(Exercise materials)
———
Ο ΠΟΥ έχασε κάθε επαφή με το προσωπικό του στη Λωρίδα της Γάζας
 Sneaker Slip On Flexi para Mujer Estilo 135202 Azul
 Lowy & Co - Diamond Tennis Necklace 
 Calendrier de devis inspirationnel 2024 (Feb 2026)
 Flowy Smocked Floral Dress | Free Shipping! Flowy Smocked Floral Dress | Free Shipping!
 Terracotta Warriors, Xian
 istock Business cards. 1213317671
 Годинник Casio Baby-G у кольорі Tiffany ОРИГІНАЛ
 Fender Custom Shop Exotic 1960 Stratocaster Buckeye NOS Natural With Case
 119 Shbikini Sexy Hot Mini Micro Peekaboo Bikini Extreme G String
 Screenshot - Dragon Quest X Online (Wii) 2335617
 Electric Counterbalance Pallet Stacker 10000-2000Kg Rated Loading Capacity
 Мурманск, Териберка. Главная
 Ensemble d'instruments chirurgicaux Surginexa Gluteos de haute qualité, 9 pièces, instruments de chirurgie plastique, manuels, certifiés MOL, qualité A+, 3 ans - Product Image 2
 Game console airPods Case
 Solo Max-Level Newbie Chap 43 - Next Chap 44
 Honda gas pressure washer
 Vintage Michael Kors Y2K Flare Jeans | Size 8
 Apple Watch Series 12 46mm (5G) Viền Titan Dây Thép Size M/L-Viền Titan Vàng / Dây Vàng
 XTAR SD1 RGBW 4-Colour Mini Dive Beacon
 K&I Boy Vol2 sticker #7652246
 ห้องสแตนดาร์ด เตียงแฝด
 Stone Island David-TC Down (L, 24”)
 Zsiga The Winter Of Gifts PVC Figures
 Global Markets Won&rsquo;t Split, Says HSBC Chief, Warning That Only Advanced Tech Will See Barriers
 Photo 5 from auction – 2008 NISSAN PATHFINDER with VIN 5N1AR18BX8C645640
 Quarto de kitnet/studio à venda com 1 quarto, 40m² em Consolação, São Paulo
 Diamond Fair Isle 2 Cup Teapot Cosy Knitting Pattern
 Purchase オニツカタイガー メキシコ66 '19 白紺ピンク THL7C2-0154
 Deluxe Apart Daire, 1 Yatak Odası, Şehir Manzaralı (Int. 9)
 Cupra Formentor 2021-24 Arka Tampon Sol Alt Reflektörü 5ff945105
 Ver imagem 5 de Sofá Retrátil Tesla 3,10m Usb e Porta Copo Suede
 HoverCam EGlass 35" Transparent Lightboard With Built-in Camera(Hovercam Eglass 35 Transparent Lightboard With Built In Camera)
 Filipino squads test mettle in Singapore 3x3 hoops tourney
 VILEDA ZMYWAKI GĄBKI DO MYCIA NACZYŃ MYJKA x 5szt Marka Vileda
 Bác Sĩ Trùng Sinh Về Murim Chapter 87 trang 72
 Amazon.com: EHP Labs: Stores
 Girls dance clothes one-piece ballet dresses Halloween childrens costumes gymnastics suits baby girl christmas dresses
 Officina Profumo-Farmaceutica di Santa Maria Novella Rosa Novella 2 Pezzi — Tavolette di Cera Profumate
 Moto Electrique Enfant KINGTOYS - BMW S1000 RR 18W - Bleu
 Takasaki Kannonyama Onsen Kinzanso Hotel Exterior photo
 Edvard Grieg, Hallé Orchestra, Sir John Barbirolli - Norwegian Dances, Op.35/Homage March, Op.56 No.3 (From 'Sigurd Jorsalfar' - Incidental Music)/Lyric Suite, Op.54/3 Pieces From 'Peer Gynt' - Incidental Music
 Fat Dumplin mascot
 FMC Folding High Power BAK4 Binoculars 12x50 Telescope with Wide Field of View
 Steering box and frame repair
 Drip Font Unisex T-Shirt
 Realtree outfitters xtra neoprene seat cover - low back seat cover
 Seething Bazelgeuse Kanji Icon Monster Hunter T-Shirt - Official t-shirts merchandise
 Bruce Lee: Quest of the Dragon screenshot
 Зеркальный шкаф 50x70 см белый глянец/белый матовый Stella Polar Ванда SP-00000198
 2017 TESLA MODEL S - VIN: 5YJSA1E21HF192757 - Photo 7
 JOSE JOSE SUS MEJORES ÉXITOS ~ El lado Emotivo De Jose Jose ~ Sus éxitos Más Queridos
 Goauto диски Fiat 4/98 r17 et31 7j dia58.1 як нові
———
(Problem requirements) Starting at the line with "Flowy Smocked Floral Dress | Free Shipping! Flowy" and ending at the line with "Ensemble d'instruments chirurgicaux", print each line of the listing above exactly, with no other lines.

(Solution for this problem)
 Flowy Smocked Floral Dress | Free Shipping! Flowy Smocked Floral Dress | Free Shipping!
 Terracotta Warriors, Xian
 istock Business cards. 1213317671
 Годинник Casio Baby-G у кольорі Tiffany ОРИГІНАЛ
 Fender Custom Shop Exotic 1960 Stratocaster Buckeye NOS Natural With Case
 119 Shbikini Sexy Hot Mini Micro Peekaboo Bikini Extreme G String
 Screenshot - Dragon Quest X Online (Wii) 2335617
 Electric Counterbalance Pallet Stacker 10000-2000Kg Rated Loading Capacity
 Мурманск, Териберка. Главная
 Ensemble d'instruments chirurgicaux Surginexa Gluteos de haute qualité, 9 pièces, instruments de chirurgie plastique, manuels, certifiés MOL, qualité A+, 3 ans - Product Image 2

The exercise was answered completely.